• [About this task]
Working from the top of the listing below, retype each line through the line containing "John Lennon, Paul", both included, with no pictures.

*** Opening of Study material ***

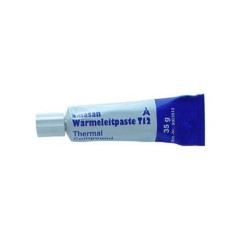 VEL THERM3 PATE DISSIPATION THERMIQUE TUBE 35GR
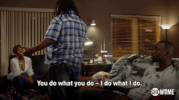 white famous GIF by Showtime
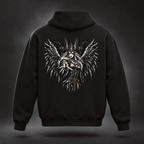 Folge dem Ruf der Walküre  - Herren Hoodie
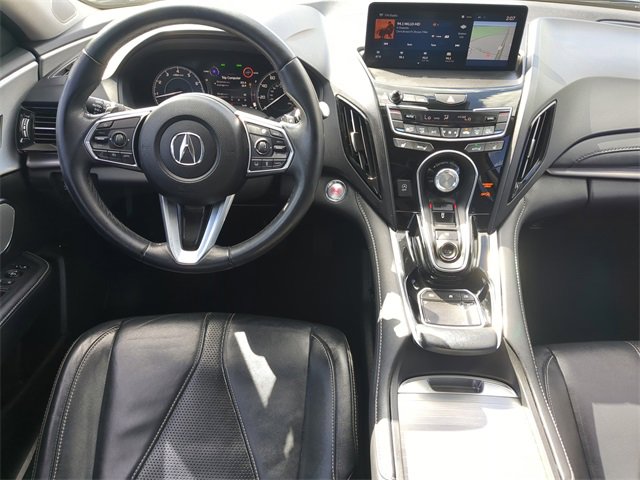 Used 2019 Acura RDX w/ Technology Package image 17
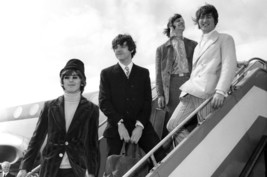 John Lennon, Paul McCartney, Ringo Starr and George Harrison - The Beatles board - $23.99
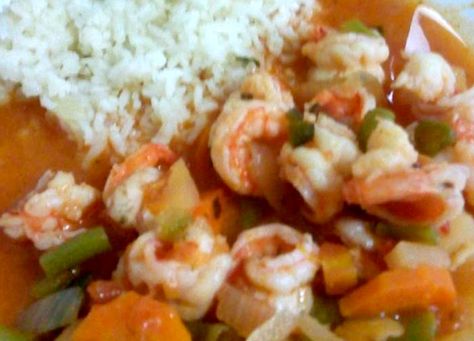 camarones rancheros a la cerveza Camarones Rancheros, Mexican Meals, Yummy Seafood, Mexico Food, Lobster Recipes, Canned Food, Mexican Food, Meat Recipes, Mexican Food Recipes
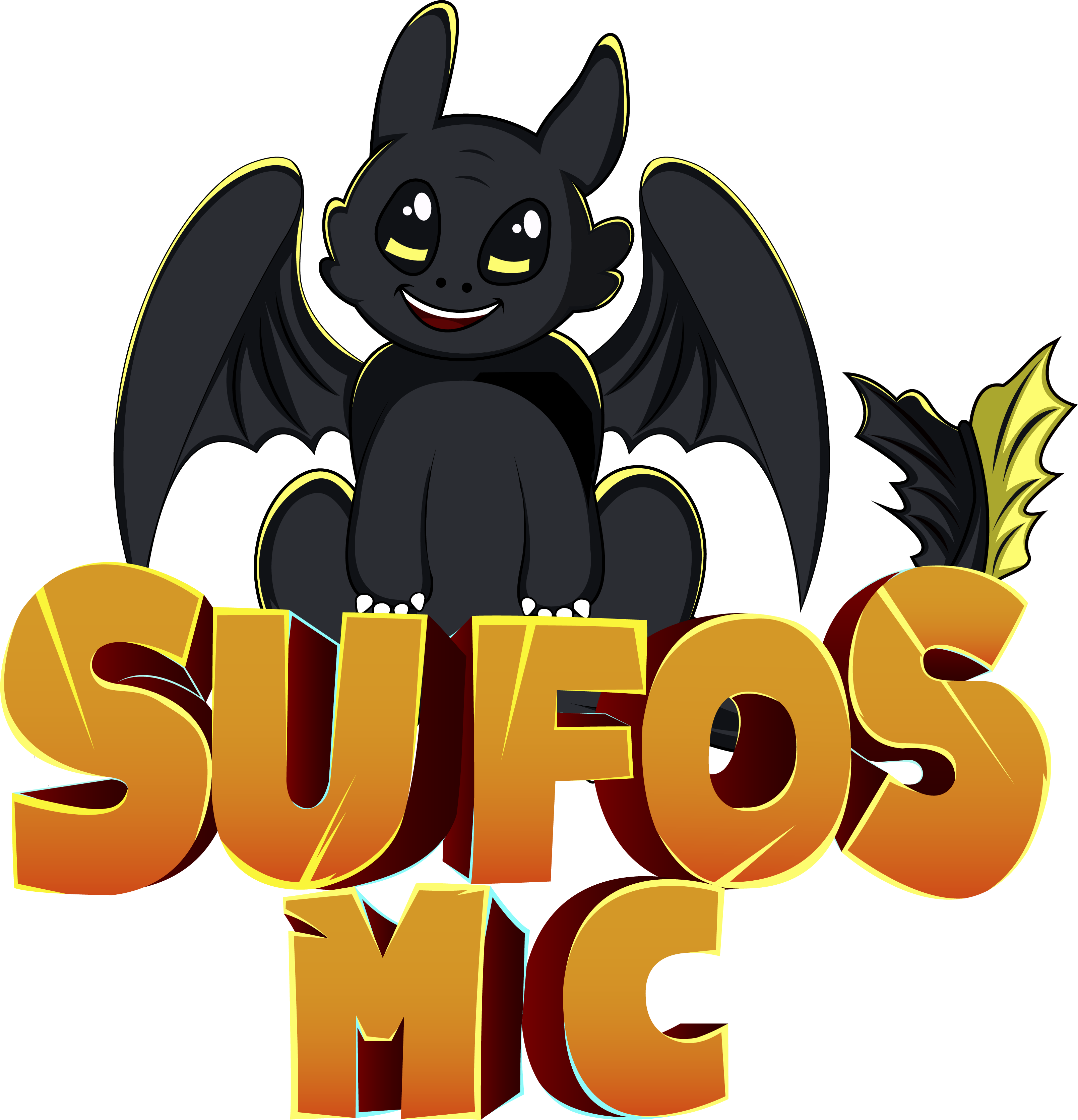 SufosMC logo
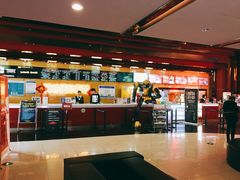 -博纳国际影城(茂业天地IMAX店)
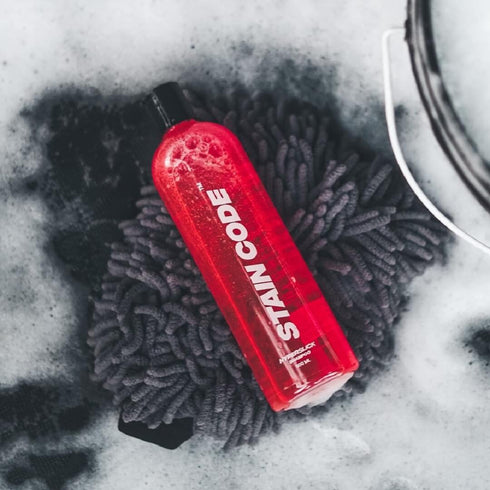 Hyperslick Shampoo – 500 ML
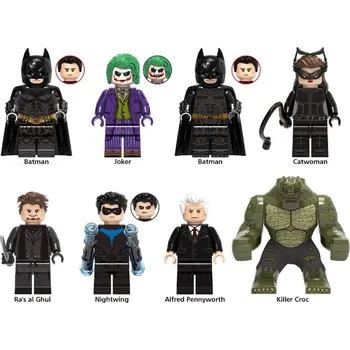 Figurka Figurky Batman DC Comics 8 ks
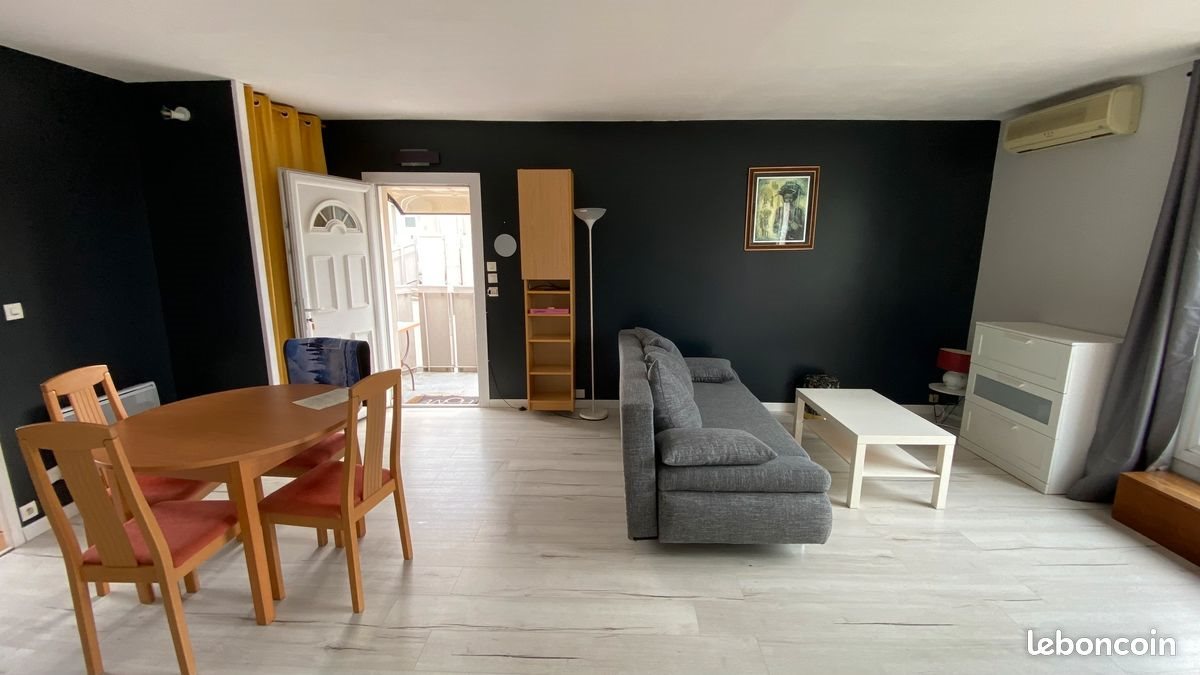 Appartement à vendre, 60m², Lormont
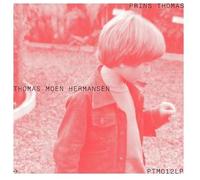 Thomas Moen Hermansen [VINYL]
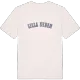 Lilla Nyhem college t-shirt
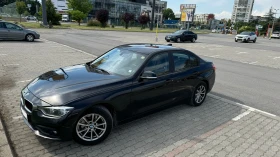 BMW 318 D xDrive 2.0D B47, снимка 1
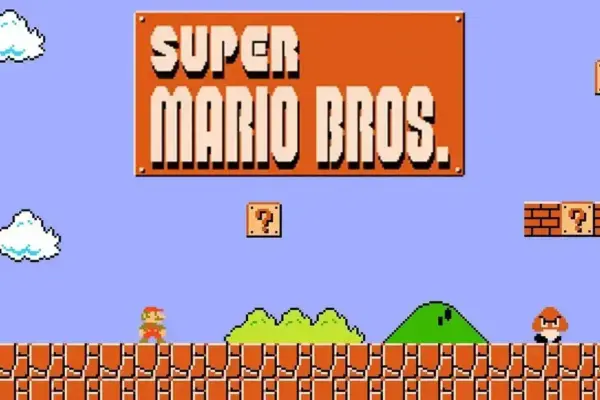 Rareza e recorde: cópia inédita de Super Mario Bros é vendida por US$ 3 milhões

*** Close of Study material ***

• [Output]
 VEL THERM3 PATE DISSIPATION THERMIQUE TUBE 35GR
 white famous GIF by Showtime
 Folge dem Ruf der Walküre  - Herren Hoodie
 Used 2019 Acura RDX w/ Technology Package image 17
 John Lennon, Paul McCartney, Ringo Starr and George Harrison - The Beatles board - $23.99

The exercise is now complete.